3. Errors are just input
Traditional software development often fails quickly or crashes when an error occurs. While this approach is effective for deterministic systems, it is counterproductive for AI agents. If the agent fails quickly due to a minor schema failure, it may cost $0.50 and take 5 minutes to debug, but crashing at a critical step (4 out of 5) is unacceptable. Conflicts occur when engineers treat errors as critical failures. The fix is to take errors as valuable input and allow the agent to learn from them and self-correct. This involves catching errors and feeding them back into the agent’s process, allowing the agent to try a different approach.
4. From unit tests to evaluation
Evaluating AI agents is very different from traditional software testing. Unit tests that rely on deterministic assertions are not sufficient. Schmid emphasizes the need to move to “eval”, which is designed for non-deterministic output.

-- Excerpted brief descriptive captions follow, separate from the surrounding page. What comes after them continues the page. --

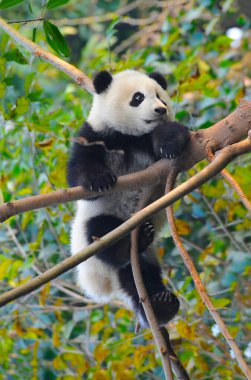 Şirin dev panda ağaca tırmanıyor.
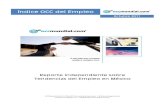 Indice OCC del Empleo - Octubre 2011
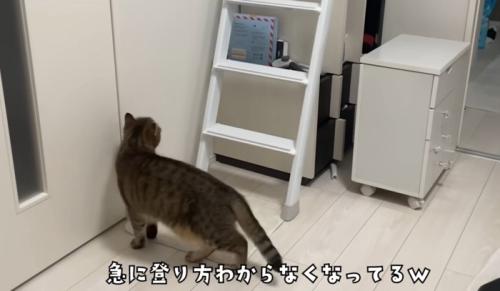 階段はしごの下にいる猫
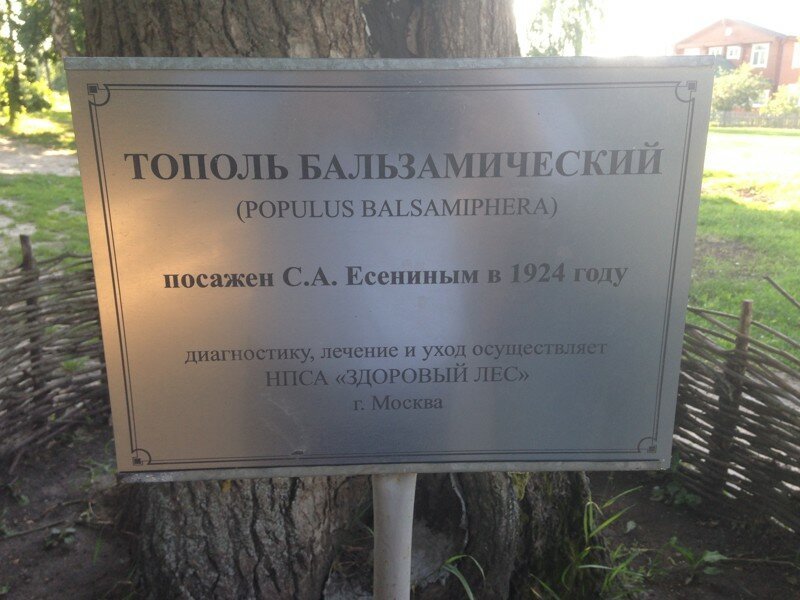 Село Константиново. Тополь Есенина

This involves running multiple trials per prompt to measure the distribution of outcomes. Negative cases are important. Testing whether the agent ignores irrelevant information is just as important as testing the agent’s core functionality. Additionally, the focus should be on evaluating the outcome rather than the specific path the agent took to get there. This means evaluating how often agents succeed and ensuring reliability, rather than enforcing strict incremental compliance.

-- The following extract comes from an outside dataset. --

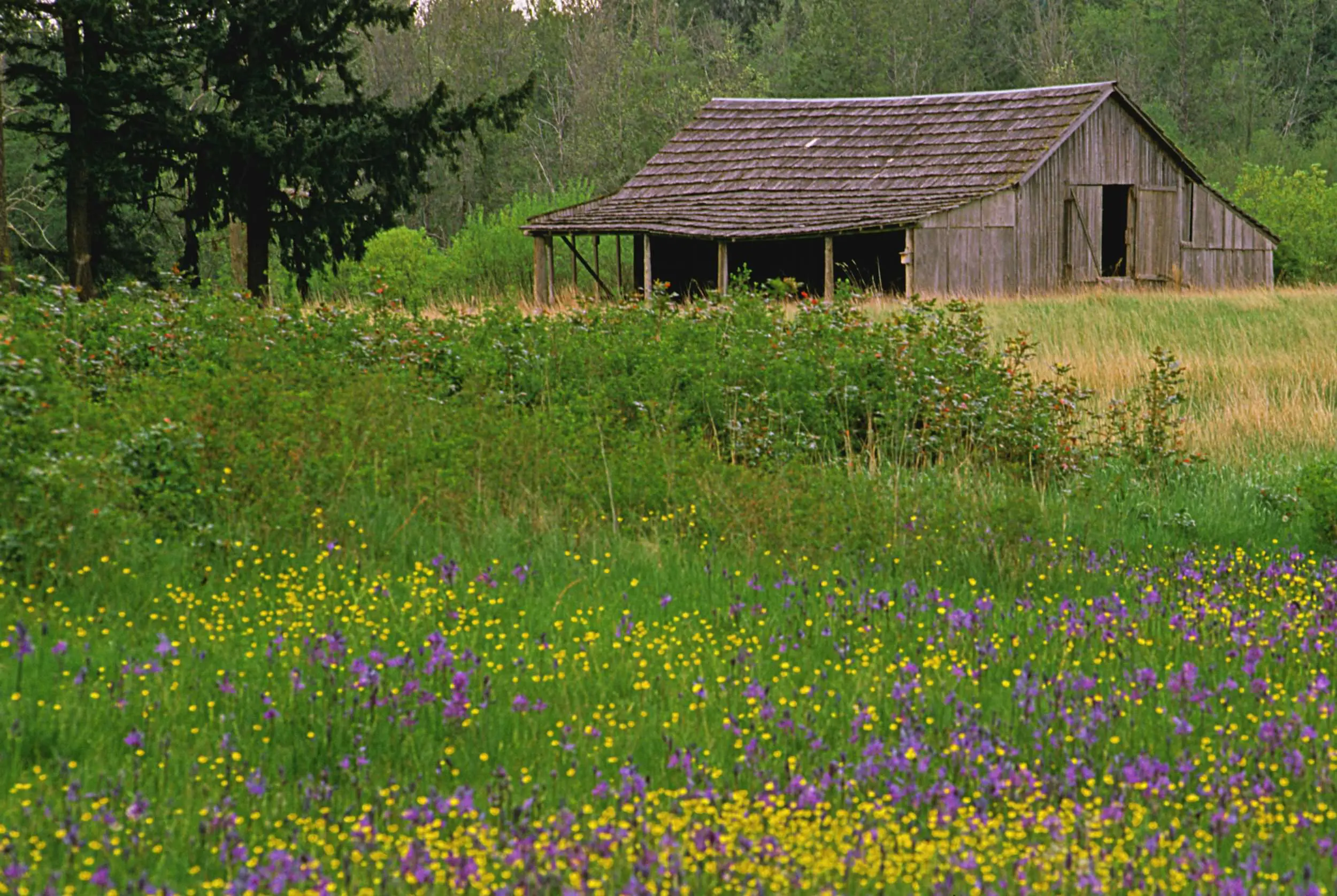 Morse Wildlife Preserve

5. Agents will evolve, but APIs will not.
A significant challenge lies in the static nature of the API and the dynamic evolution of the agent. Traditional APIs are often designed with a “human grade” approach, expecting clear and well-defined parameters. However, agents are literal in nature and can hallucinate ambiguous parameters. The trap is that agents build APIs as if they were human developers. The solution is to create an “agent-aware” API that is explicit, verbose, and self-documented. This means providing a clear description of the function and its expected behavior, including what happens if the item is not found, ensuring that the agent has all the context it needs without guessing.
Summary: Trust but verify
Schmid concluded by summarizing the core principles for building effective AI agents.
Stop fighting models: Accept that you are a dispatcher, not a programmer.
Preserve meaning: Treats text as the primary state, not just boolean values.
Designed for recovery: Build agents that can learn and adapt from errors.
Evaluate, but do not assert: Measure your performance through multiple trials and LLM assessments as a judge.
Removed from build: Understand that agents evolve and their underlying models need to be rebuilt and improved over time.
The basic takeaway is that building AI agents requires thinking differently, accepting the probabilistic nature of these systems, and adapting traditional engineering methods accordingly.